Short descriptive text snippets:
.....

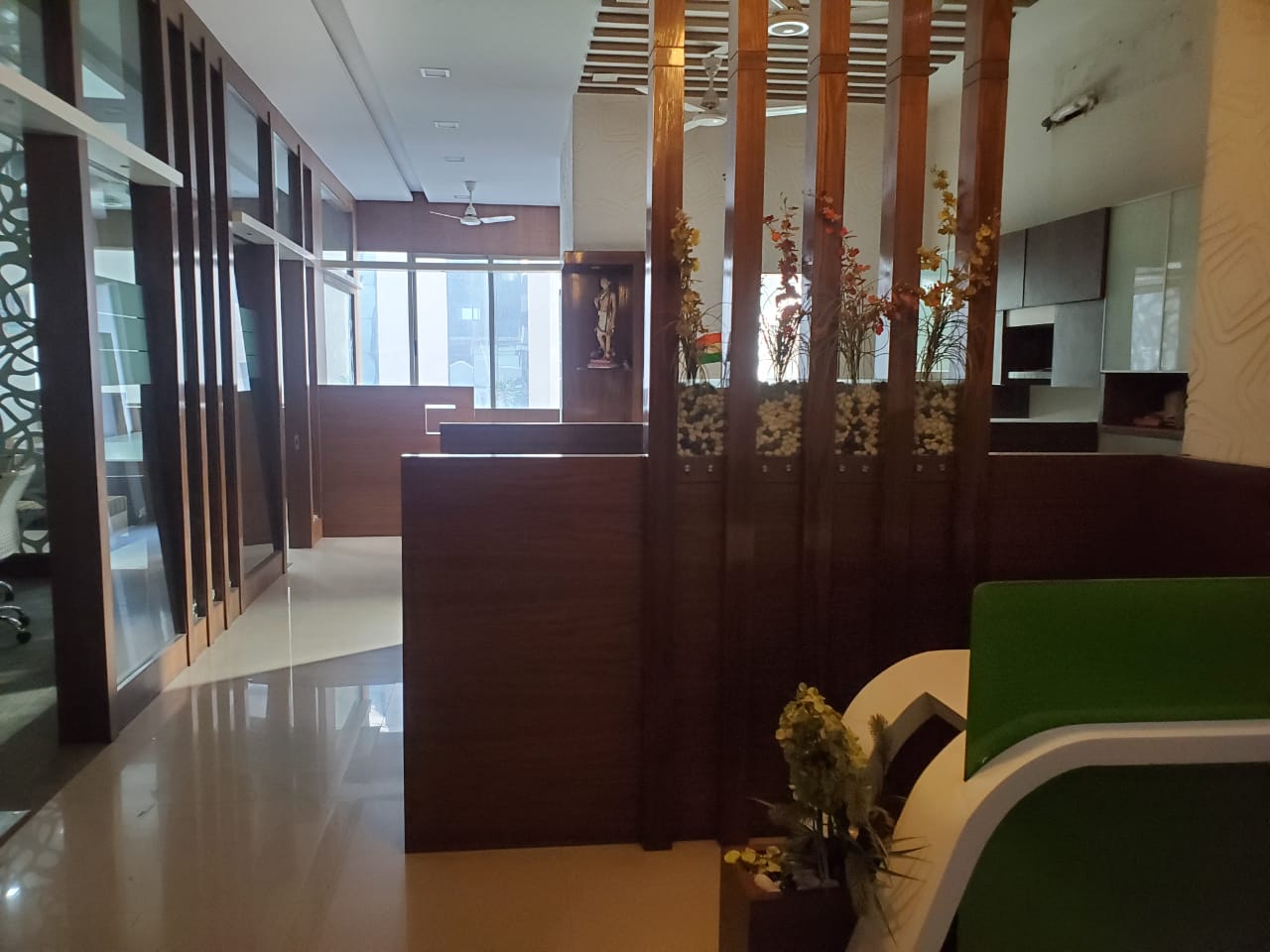 1600 Sq. Ft. Commercial Office for Rent in Sola Ahmedabad - Media 4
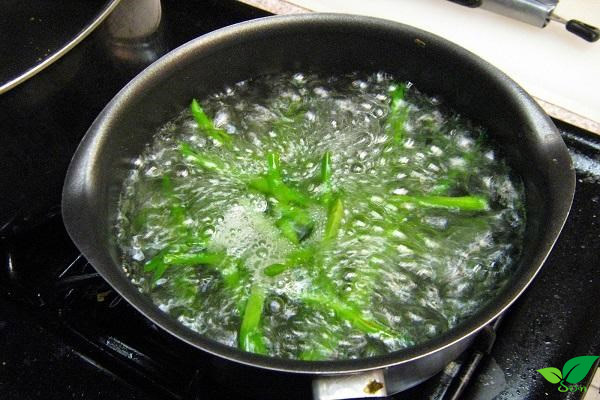 Sơ chế và trụng rau muống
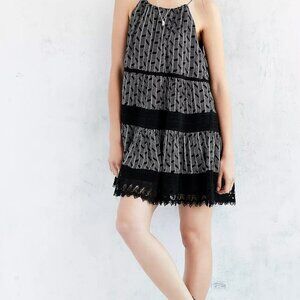 Kimchi Blue La Palma Crochet Inset Mini Dress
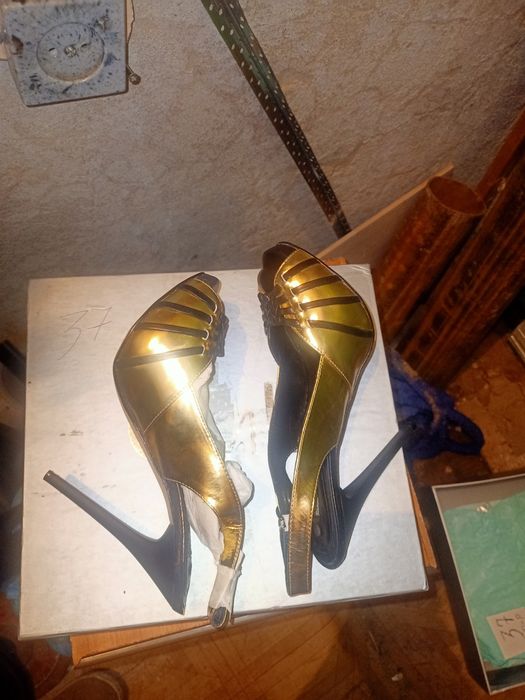 Сапоги  и туфли женские новые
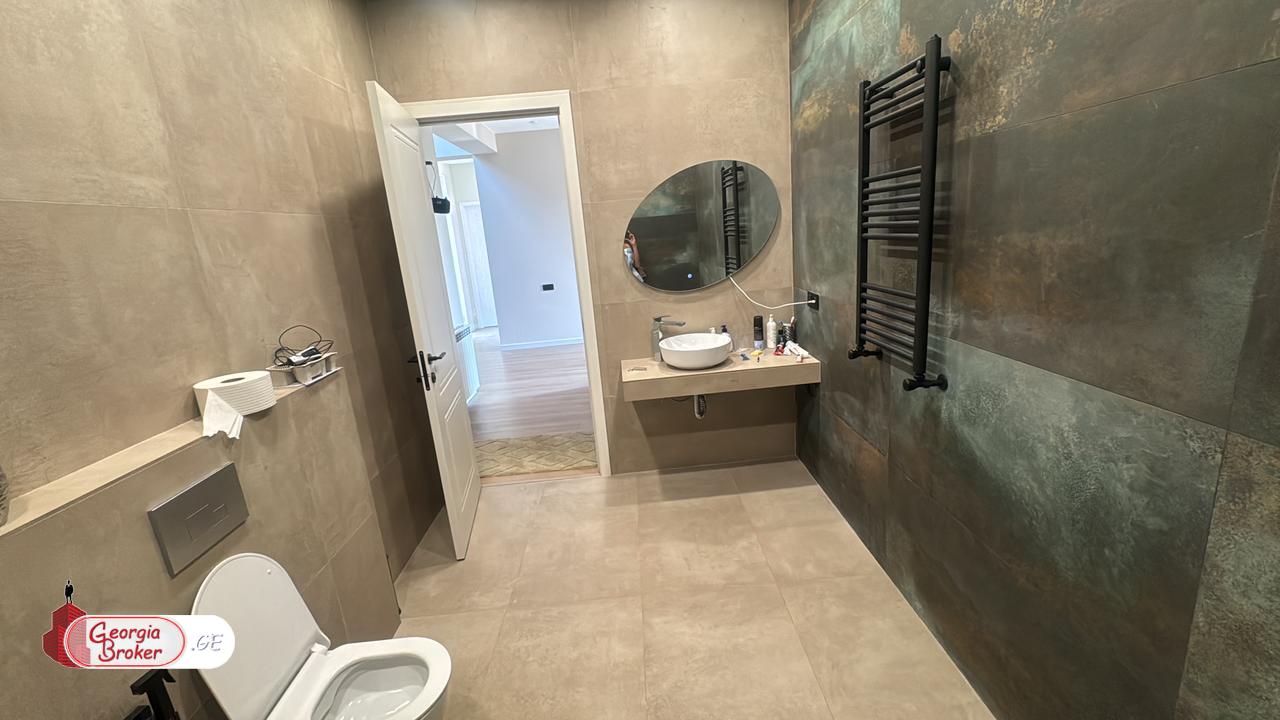 იყიდება ახალი გარემონტებული 7 ოთახიანი სახლი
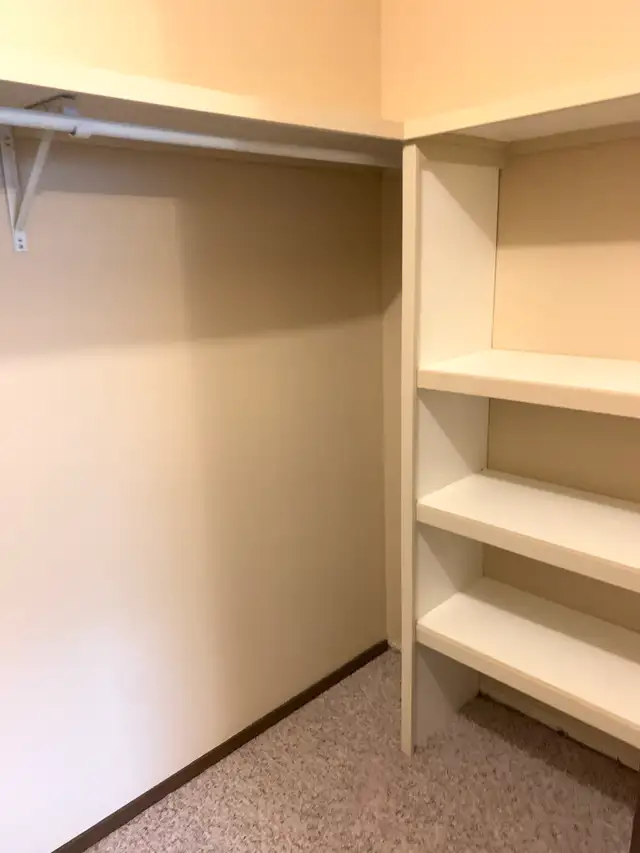 1 Month Free! Spacious 1 Bed Apartment in Riverside Meadows!! | Long ...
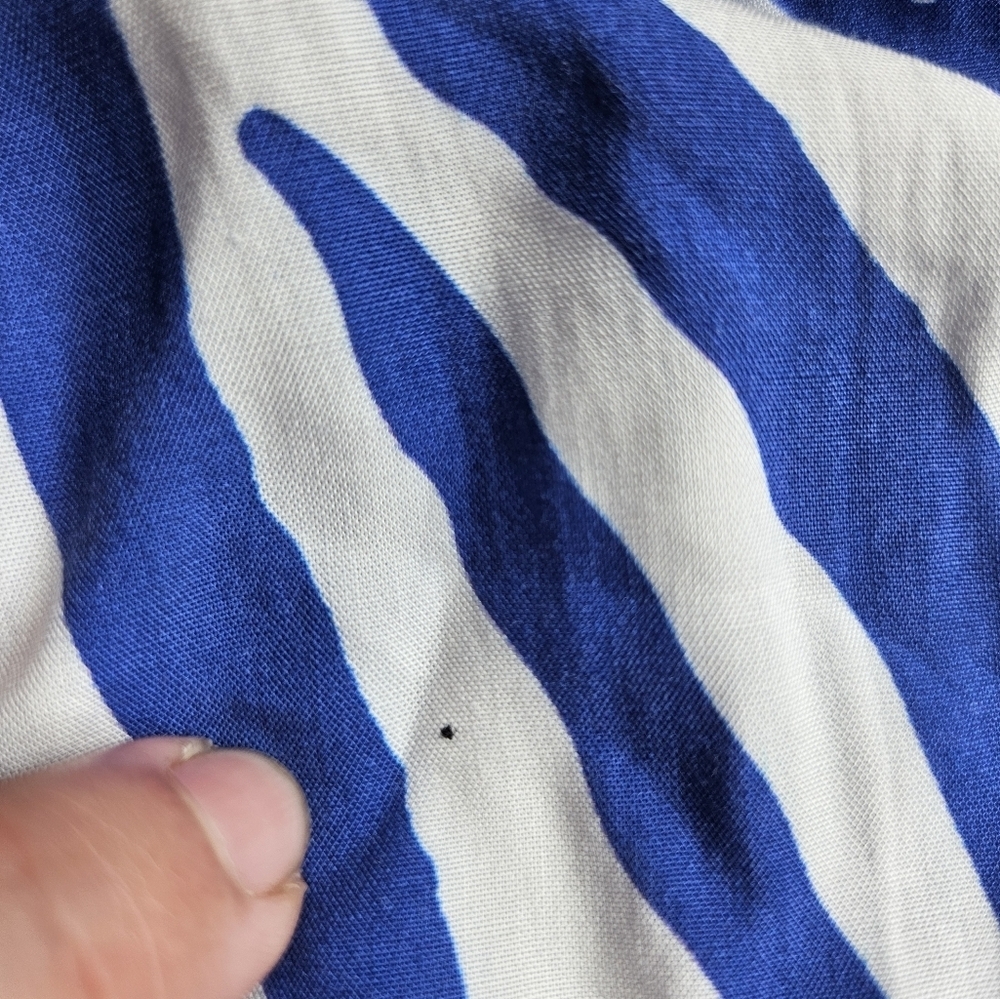 Orlinn Paris Blue and White Zebra pattern Blouse Ruffle Neck & Cuffs - Picture 6 of 12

.....

**ACTION ITEM:** Your answer should hold only the lines from the line with "Sơ chế và trụng rau muống" through the closing line of the records, restated exactly and free of pictures.

**SOLUTION TO THE EXERCISE:**
 Sơ chế và trụng rau muống
 Kimchi Blue La Palma Crochet Inset Mini Dress
 Сапоги  и туфли женские новые
 იყიდება ახალი გარემონტებული 7 ოთახიანი სახლი
 1 Month Free! Spacious 1 Bed Apartment in Riverside Meadows!! | Long ...
 Orlinn Paris Blue and White Zebra pattern Blouse Ruffle Neck & Cuffs - Picture 6 of 12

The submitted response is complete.